R Notebook - Week 8

Introduction

This week’s data dive involves running ANOVA tests and building regression models using the TMDB TV show dataset, which includes detailed information about various TV shows, such as ratings, genres, episodes, and more. We will focus on identifying relationships between explanatory variables and a response variable of interest. The insights derived from these analyses could be valuable for understanding factors influencing TV show ratings.

Selecting the Response and Explanatory Variables

Response Variable: The response variable chosen is Vote_average (average rating), as it is a key indicator of the show’s popularity and viewer satisfaction.

Explanatory Variable (Categorical): The chosen explanatory variable is Genres, which may influence the average rating of a show.

Performing ANOVA to Test for Differences in Average Ratings across Genres

Null Hypothesis (H0): There is no significant difference in the average ratings (Vote_average) between different genres.

We will consolidate genres as there are more than 10 categories.

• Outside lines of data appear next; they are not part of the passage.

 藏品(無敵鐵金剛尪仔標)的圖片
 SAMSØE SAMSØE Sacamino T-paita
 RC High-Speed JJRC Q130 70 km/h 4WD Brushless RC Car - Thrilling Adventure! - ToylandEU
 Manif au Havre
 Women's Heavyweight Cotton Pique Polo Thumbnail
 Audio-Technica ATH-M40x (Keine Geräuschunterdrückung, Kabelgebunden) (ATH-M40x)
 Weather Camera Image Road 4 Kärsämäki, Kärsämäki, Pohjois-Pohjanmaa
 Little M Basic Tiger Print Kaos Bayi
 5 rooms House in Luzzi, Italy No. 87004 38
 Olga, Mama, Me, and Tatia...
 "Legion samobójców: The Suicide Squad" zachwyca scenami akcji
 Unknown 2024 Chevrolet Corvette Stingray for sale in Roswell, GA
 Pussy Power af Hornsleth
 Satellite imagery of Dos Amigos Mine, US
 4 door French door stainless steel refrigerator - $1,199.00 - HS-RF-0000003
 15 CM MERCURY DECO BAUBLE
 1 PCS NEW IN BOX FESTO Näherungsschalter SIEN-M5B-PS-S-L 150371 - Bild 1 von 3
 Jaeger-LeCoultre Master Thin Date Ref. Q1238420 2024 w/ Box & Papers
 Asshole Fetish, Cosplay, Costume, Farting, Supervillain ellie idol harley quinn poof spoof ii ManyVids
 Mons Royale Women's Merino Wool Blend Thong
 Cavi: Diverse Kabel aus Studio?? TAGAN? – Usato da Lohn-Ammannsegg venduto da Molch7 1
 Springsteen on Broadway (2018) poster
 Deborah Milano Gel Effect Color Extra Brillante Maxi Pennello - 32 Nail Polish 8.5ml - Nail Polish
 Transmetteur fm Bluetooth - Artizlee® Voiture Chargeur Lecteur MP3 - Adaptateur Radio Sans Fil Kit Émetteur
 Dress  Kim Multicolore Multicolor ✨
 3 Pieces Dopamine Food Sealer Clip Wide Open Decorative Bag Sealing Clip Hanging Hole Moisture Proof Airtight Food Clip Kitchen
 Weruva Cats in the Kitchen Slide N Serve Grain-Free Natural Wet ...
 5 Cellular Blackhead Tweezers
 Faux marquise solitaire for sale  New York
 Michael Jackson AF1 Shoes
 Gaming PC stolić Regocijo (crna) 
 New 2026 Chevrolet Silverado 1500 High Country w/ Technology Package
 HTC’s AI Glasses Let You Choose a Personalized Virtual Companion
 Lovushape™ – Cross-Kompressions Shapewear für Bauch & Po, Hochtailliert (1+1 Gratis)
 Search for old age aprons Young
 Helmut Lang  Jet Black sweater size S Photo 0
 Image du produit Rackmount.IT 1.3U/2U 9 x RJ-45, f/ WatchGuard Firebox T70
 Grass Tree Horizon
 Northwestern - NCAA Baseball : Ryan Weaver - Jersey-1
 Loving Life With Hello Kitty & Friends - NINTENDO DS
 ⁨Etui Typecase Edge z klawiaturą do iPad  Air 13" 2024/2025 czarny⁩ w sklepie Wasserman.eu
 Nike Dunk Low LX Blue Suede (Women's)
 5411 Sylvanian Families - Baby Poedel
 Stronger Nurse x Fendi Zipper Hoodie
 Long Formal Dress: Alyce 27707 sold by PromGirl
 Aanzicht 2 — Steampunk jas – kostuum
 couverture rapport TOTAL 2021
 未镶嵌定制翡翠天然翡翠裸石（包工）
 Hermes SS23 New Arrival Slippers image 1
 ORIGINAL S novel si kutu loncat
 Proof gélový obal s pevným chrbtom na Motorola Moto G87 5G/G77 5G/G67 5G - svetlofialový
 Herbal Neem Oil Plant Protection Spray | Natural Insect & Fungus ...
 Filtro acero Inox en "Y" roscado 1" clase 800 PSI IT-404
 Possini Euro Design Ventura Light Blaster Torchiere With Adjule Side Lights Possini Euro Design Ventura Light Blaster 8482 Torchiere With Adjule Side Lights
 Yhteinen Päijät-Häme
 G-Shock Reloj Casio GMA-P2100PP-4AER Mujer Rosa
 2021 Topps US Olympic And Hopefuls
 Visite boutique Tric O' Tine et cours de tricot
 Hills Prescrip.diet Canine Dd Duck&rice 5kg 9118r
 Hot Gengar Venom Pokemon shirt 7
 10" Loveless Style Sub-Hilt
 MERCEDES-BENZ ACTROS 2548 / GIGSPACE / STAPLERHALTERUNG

# Load necessary libraries
library(dplyr)

## 
## Attaching package: 'dplyr'

## The following objects are masked from 'package:stats':
## 
##     filter, lag

## The following objects are masked from 'package:base':
## 
##     intersect, setdiff, setequal, union

library(ggplot2)
library(readr)

# Load the dataset
tv_data <- read_csv("/Users/saransh/Downloads/TMDB_tv_dataset_v3.csv")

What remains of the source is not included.